Several NFL players have made headlines in recent months for refusing to stand during the national anthem as an act of protest. But Seahawks receiver Doug Baldwin has said that at least one owner in the NFL has told players that they have to stand during the anthem.
And that owner is probably Jerry Jones of the Dallas Cowboys.
Baldwin told HBO’s Bill Simmons in an interviews that one or more NFL owners “have told their players to do specific things or to not do specific things … regarding the national anthem and the protests,” which the Seahawks wide receiver said he thought was “egregious,” according to the Washington Post.
“The one quote that I was informed of was, ‘You’re going to stand on the line with your hand on your heart and you’re going to sing the national anthem because this is my stage,” Baldwin recalled.
Recent protests in the NFL have centered around issues of race, including police violence and use of lethal force. Baldwin has been part of the protests, in which several NFL players have refused to stand for the national anthem to show solidarity with African-Americans and protest against a number of high-profile cases where police officers shot unarmed black men. More than half of the players in the NFL are black, while most owners in the NFL are white.
The protests started when viewers and other players noticed that 49ers quarterback Colin Kaepernick did not stand up during the anthem. Players in soccer and the NBA and WNBA have also joined in to show their support.
Dallas Cowboys owner Jerry Jones has been a noted critic of the players’ protests, calling the decision to not stand a disappointment, according to the Star-Telegram. He praised players on his own team for not participating, saying, “We strongly, strongly support the flag in every way we support — and it’s almost ridiculous to be saying — the people that for generations and generations that have given it all up so that we can get out here and show off in front of millions of people on television.”

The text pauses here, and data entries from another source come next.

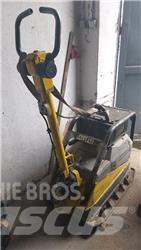 WACKER DPU 4045H Vibračné zhutňovače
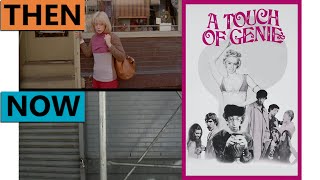 A Touch of Genie | Then & Now 1974 New York | Filming Locations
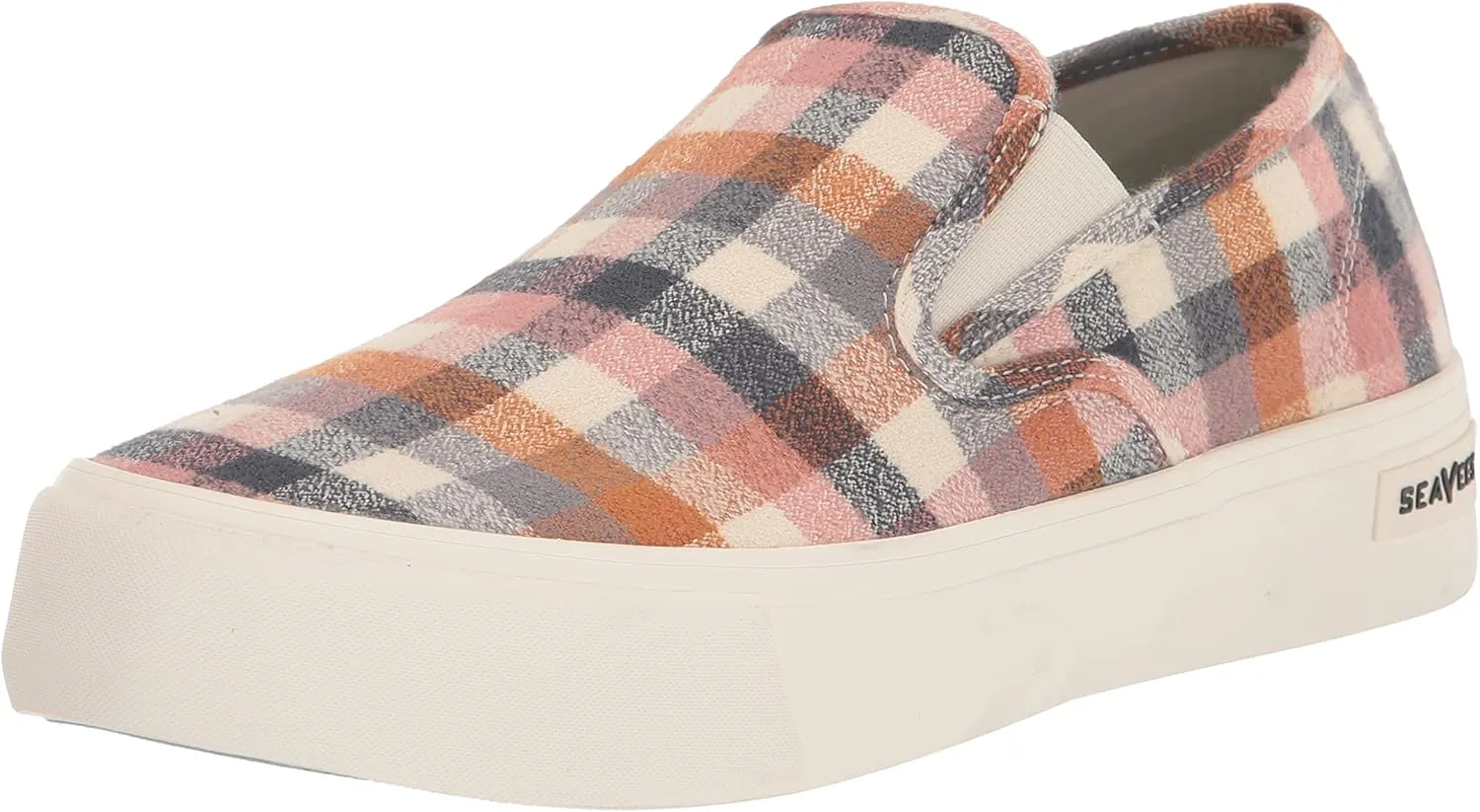 SEAVEES Women's Baja Slip-on Platform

Jones added that the NFL was an important forum for America. “And I’m for it being used in every way we can to support the great, great contributors in our society,” he said. “And that’s people that have supported America, the flag, and there’s no reason to not go all out there. And for anybody to use parts of that visibility to do otherwise is really disappointing.”
Since Kaepernick stopped standing during the anthem in August, more than 20 other NFL players have joined in protest, according to CBS.